Task: Produce a copy of every line in the records that holds the string "Lululemon".
(Material for this task Opens)
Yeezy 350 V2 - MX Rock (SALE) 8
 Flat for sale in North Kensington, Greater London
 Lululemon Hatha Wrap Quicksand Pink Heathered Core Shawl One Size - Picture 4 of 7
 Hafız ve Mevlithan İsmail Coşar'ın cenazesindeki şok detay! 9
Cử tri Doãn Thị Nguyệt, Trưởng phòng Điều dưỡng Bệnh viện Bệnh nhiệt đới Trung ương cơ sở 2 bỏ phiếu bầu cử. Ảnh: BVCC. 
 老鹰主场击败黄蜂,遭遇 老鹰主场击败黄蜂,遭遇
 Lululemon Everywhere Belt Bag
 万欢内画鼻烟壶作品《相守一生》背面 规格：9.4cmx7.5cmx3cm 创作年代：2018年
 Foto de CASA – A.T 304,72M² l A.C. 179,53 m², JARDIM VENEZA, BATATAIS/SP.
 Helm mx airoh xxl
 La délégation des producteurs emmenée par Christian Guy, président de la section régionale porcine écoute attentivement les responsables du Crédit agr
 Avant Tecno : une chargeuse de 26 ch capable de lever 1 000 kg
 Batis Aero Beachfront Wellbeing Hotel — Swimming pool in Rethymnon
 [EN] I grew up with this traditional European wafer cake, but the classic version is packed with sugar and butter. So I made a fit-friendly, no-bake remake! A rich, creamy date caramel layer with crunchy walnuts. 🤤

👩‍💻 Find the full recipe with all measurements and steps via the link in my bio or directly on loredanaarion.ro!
(Material for this task Closes)
Exercise response:
 Lululemon Hatha Wrap Quicksand Pink Heathered Core Shawl One Size - Picture 4 of 7
 Lululemon Everywhere Belt Bag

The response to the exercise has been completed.